Em outro caso, antes de ir à residência do estudante, os oficiais de Justiça estiveram no local de trabalho dele, onde apreenderam um laptop, contou o defensor público. As decisões da Justiça determinando as buscas e apreensões foram publicadas em setembro, mas os mandados estão sendo executados ao longo de outubro. Segundo Castro, os episódios sugerem tratar-se de uma ação coordenada, que inclui as incursões a faculdades e repressão a estudantes e professores nas instituições de ensino.
“Começamos a receber relatos, mas talvez o número aumente nos próximos dias. Não são casos isolados, são coordenados”, acusou Castro.

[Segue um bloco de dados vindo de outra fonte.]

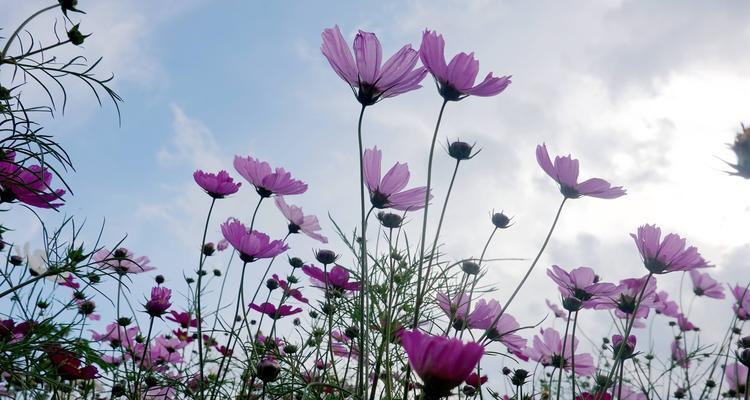 波斯菊的花语是什么？它的寓意又有哪些？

De acordo com as denúncias recebidas pela Defensoria, materiais que façam referência a “democracia” ou a “fascismo” têm sido retirados, sob o argumento de se tratar de propaganda pró ou contra candidatos às eleições de 28 de outubro de 2018. Servidores da Justiça teriam exigido a retirada de adesivos colados ao corpo de estudantes, inspecionado centros acadêmicos e determinado a professores o que podem dizer nas aulas que ministram.
“É uma grave violação às liberdades individuais”, classificou André Castro. “O Estado brasileiro não é neutro em relação ao fascismo, o Estado brasileiro é contra o fascismo. A legislação determina que é proibida a apologia ao fascismo”, lembrou o defensor público.
Em nota emitida neste sábado, 27, a Defensoria Pública se manifestou “vigorosamente contrária às arbitrariedades, que além de violarem direitos fundamentais, restringem a autonomia universitária e as liberdades constitucionais de aprender e ensinar em um ambiente necessariamente regido pelo pluralismo de ideias. A Constituição Federal brasileira é comprometida com a defesa da democracia e determina que a ‘lei punirá qualquer discriminação atentatória dos direitos e liberdades fundamentais’, o que inclui as práticas fascistas e nazistas (Lei Federal 7.716/89)”, diz o texto.
A defensoria convida para reunião e atendimento jurídico as pessoas que estão sofrendo violações à liberdade de expressão e organização para comparecerem na manhã da próxima segunda-feira, 29, à sede do órgão, na Av. Marechal Câmara, região central da capital fluminense.
“Não se pode admitir que no período de eleições, momento importantíssimo do regime democrático, práticas manifestamente antidemocráticas ocorram e se propaguem. As arbitrariedades eventualmente perpetradas constituem uma grave ofensa aos direitos e liberdades dos estudantes, dos professores, da sociedade e do Estado democrático, tornando imperioso fazer cessá-las, com a respectiva apuração das responsabilidades pelos excessos, sob pena de que o próximo material apreendido seja a própria Constituição”, declarou em nota.
Procurado pelo reportagem, o Tribunal Regional Eleitoral do Estado Rio de Janeiro não emitiu posicionamento até a publicação da reportagem. Ainda não foi possível obter uma manifestação do MP Eleitoral a respeito dos casos.
Mais cedo neste sábado, 27, a ministra Cármen Lúcia, do Supremo Tribunal Federal (STF), suspendeu liminarmente os atos judiciais e administrativos que determinaram os ingressos de agentes em universidades públicas e privadas pelo País. A ministra atendeu uma ação da Procuradoria-Geral da República (PGR) para garantir a liberdade de expressão e de reunião de estudantes e de professores no nas instituições de ensino.
A decisão suspende medidas que determinaram o recolhimento de documentos, a interrupção de aulas, debates ou manifestações de professores e alunos universitários, a atividade disciplinar e a coleta irregular de depoimentos dos envolvidos.